Uitspraak
RECHTBANK ROTTERDAM
1.Het verloop van de procedure
2.De verdere beoordeling
3.De beslissing
:
Rechtbank Rotterdam
In deze zaak, die werd behandeld door de kantonrechter te Dordrecht, stond de aansprakelijkheid van de werkgever centraal voor de ziekte van de werknemer, die longemfyseem had ontwikkeld. De werknemer, vertegenwoordigd door zijn gemachtigde mr. M.H.M. Verbeemen, stelde dat zijn ziekte het gevolg was van blootstelling aan lasrook tijdens zijn werkzaamheden. De gedaagde partij, een besloten vennootschap vertegenwoordigd door mr. L.K. de Haan, betwistte dit en voerde aan dat er andere oorzaken voor de ziekte konden zijn, zoals roken en genetische aanleg.
De rechtbank baseerde haar oordeel op het rapport van de deskundige dr. J.M. Rooijackers, die concludeerde dat er een causaal verband bestaat tussen de blootstelling aan lasrook en het optreden van longemfyseem.
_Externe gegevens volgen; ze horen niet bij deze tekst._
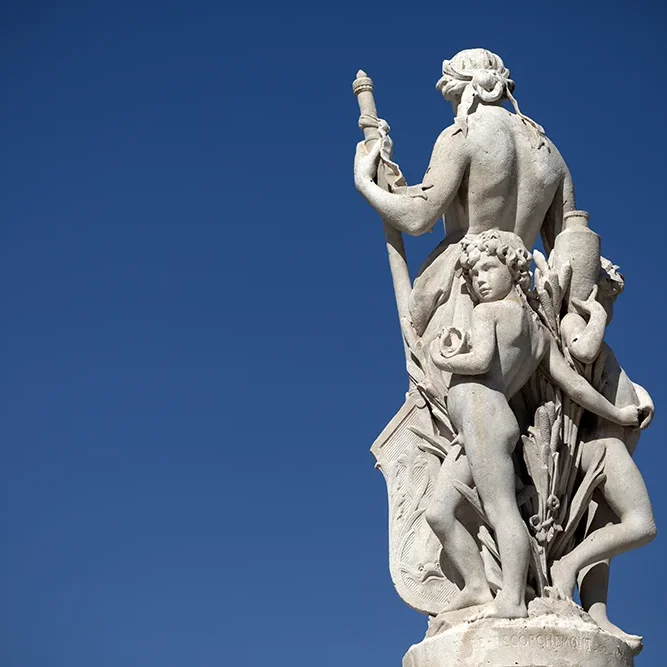 <strong>Monuments #2521 - Evreux | 27</strong> <small>© Rémy SALAÜN</small>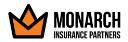 Monarch Insurance logo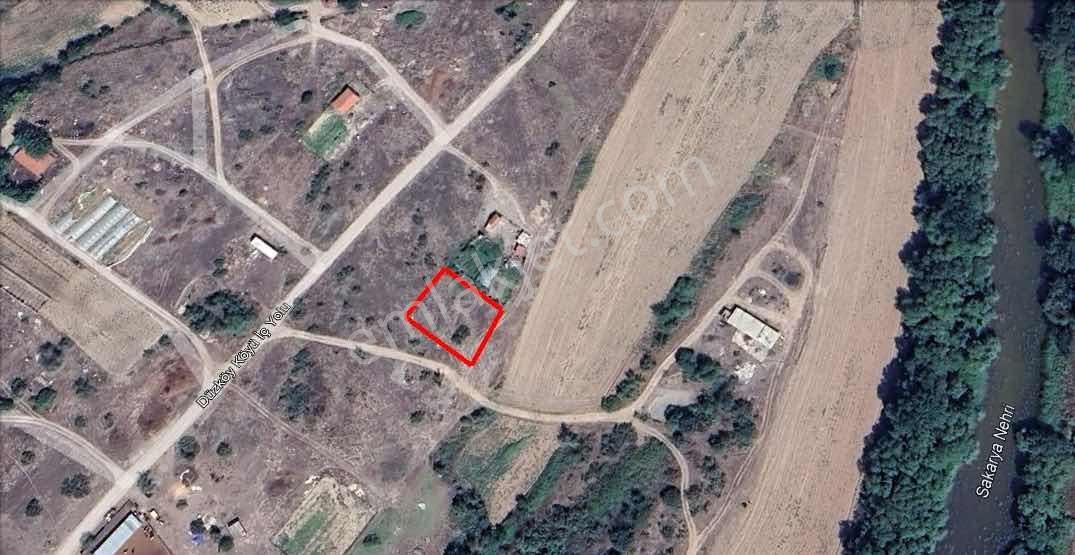 Rw Lıfe // Sarıcakaya Düzköyde Satılık Arsa — fotoğraf 6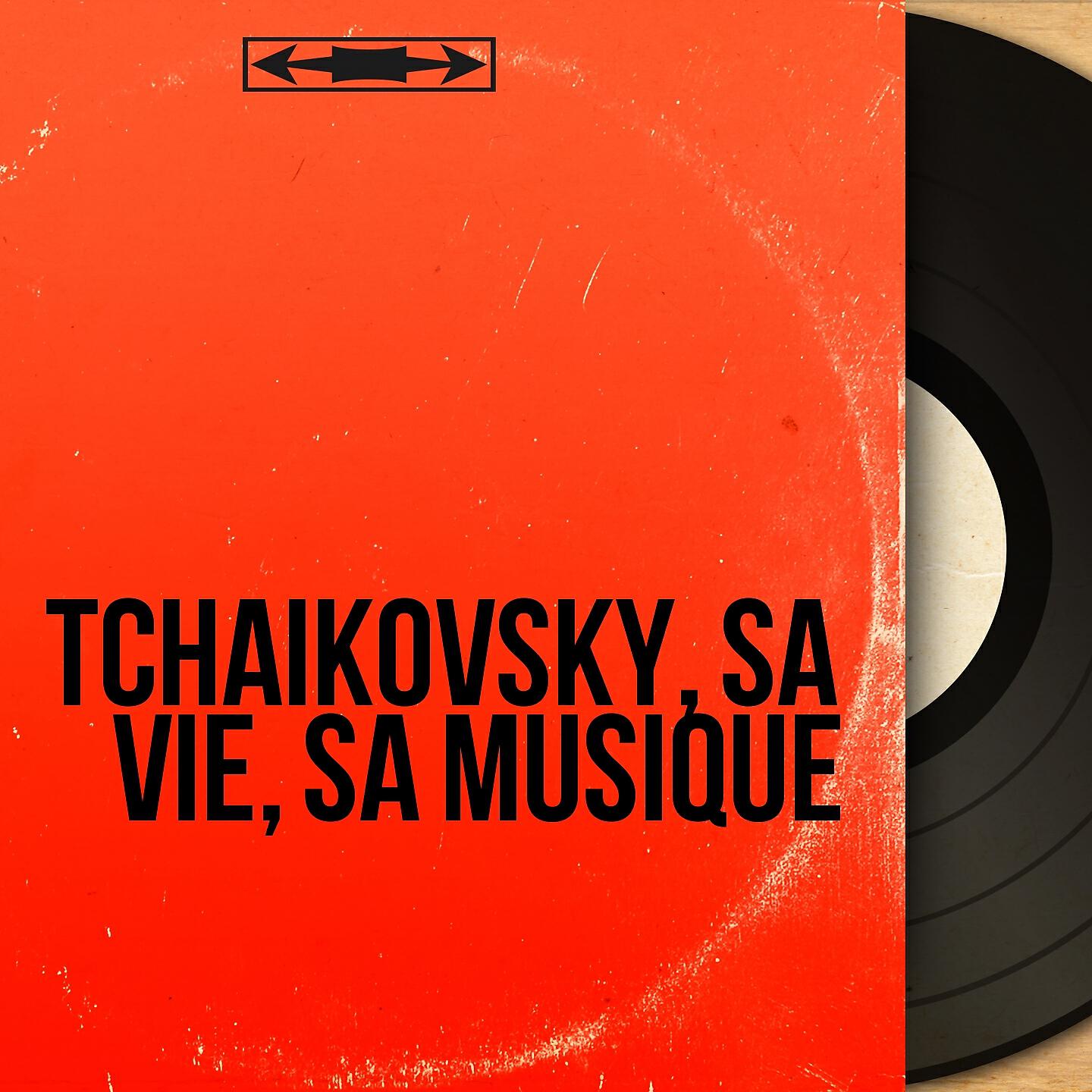 Henri Poirier - Tchaikovsky, sa vie, sa musique, pt. 1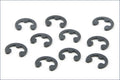 Kyosho - E-Ring (E3.0mm) (10Pcs)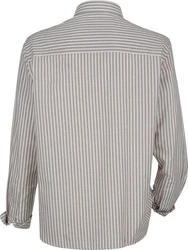 Babista Langarmhemd MILANVELLO beige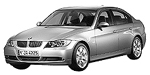 BMW E90 P2389 Fault Code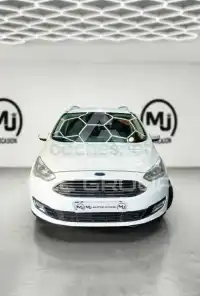 2016 Ford C-MAX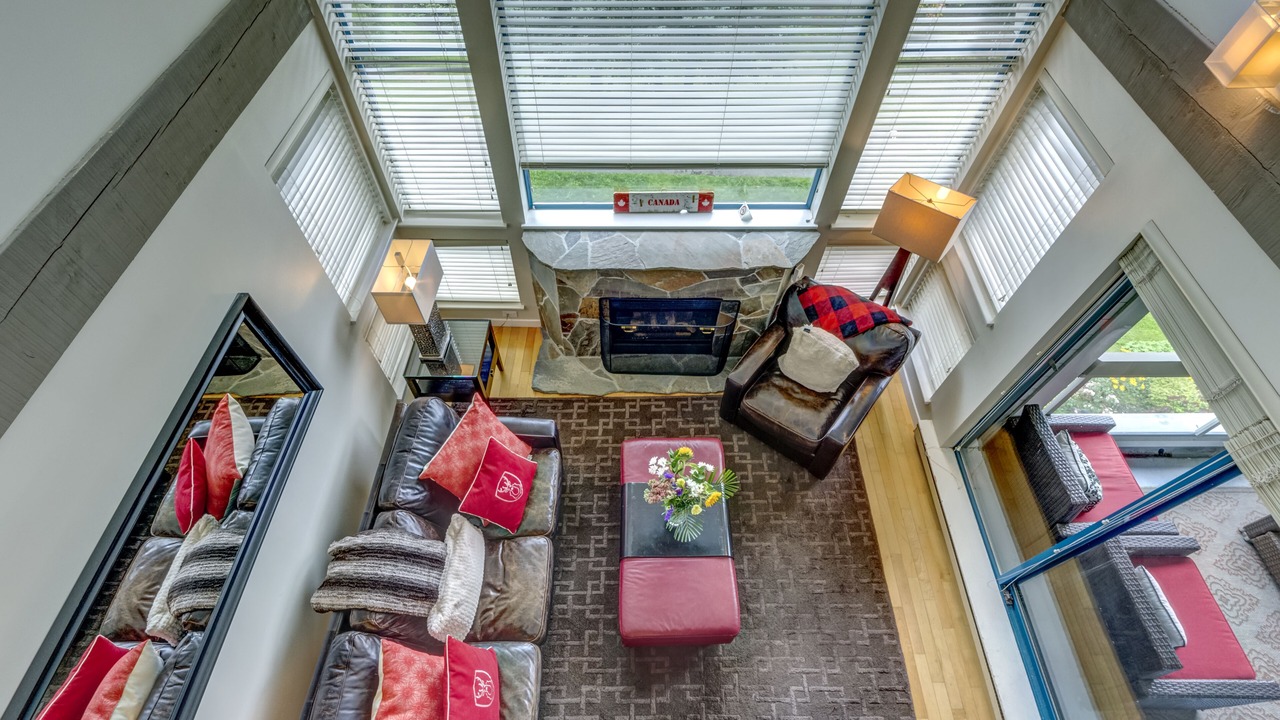 Photo of Bedroom in Upper Village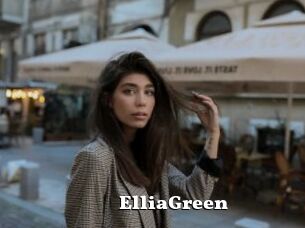 ElliaGreen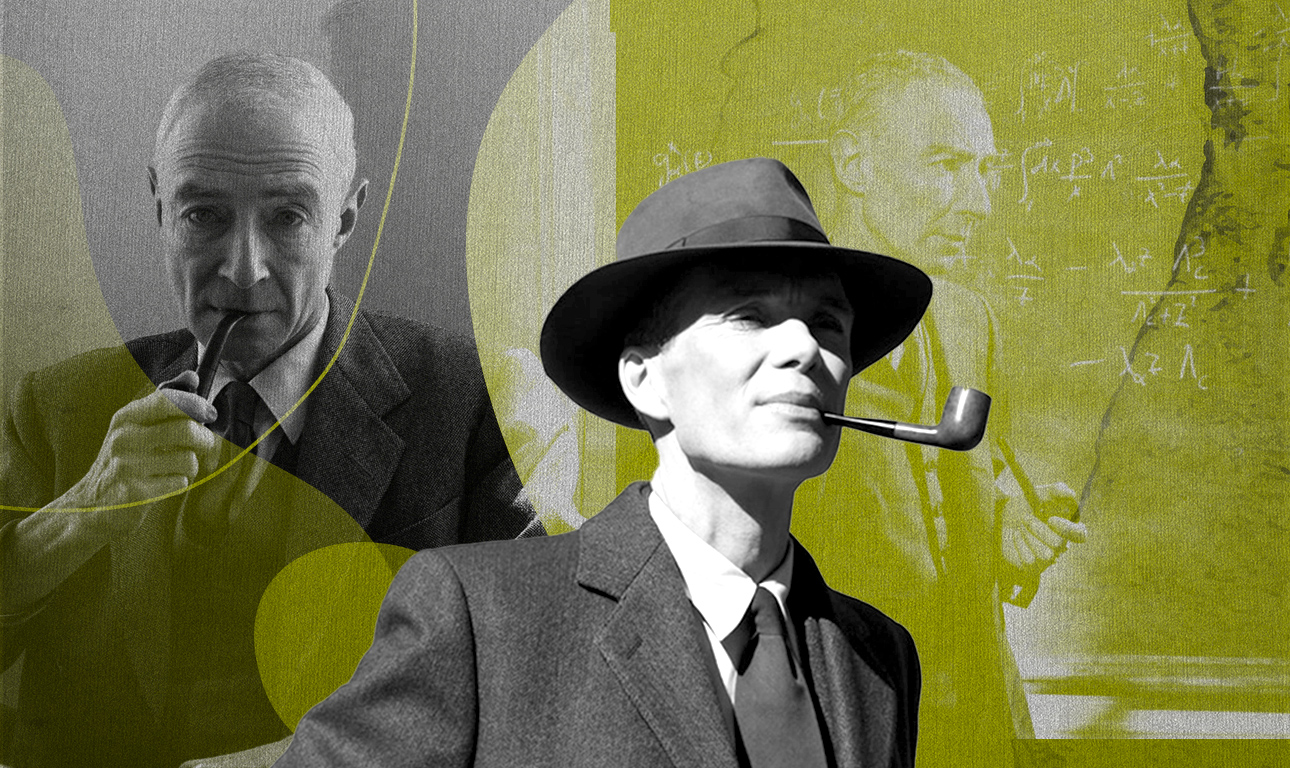 Πώς η ιστορία του Οπενχάιμερ έσπασε τα ταμεία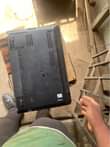 A picture of Lenovo core i5 4gb ram 320gb HDD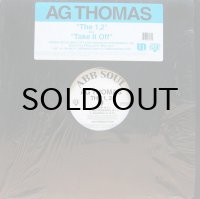 AG THOMAS / THE 1,2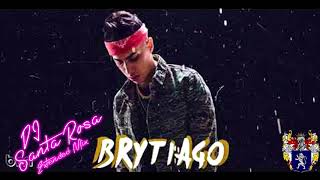 Brytiago - Aprendí a Amar (DJ Santa Rosa extended mix)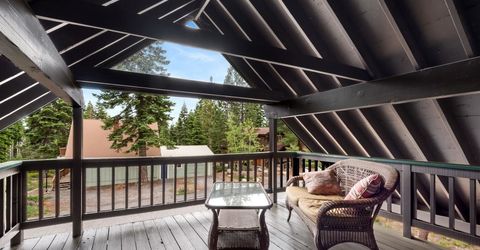 810 Dove Way, Carnelian Bay, CA 96140 Photo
De deskundige stelde dat, hoewel sluitend bewijs ontbrak, er voldoende consensus was over de mogelijkheid dat lasrook bij beroepsmatige blootstelling een rol speelt bij het ontwikkelen van COPD. De deskundige schatte de kans dat de ziekte door de werkzaamheden was veroorzaakt op ten minste 50%.
De rechtbank oordeelde dat de gedaagde niet had aangetoond dat zij aan haar zorgplicht had voldaan, zoals vereist onder artikel 7:658 BW. De gedaagde had enkel gesteld dat de luchtkwaliteit binnen de wettelijke normen was gebleven, wat niet voldoende was om aansprakelijkheid te ontlopen. De rechtbank veroordeelde de gedaagde tot betaling van een voorschot van € 25.000,00 op de schadevergoeding, en stelde dat de resterende schade in een schadestaatprocedure verder moest worden vastgesteld. De gedaagde werd ook veroordeeld in de proceskosten.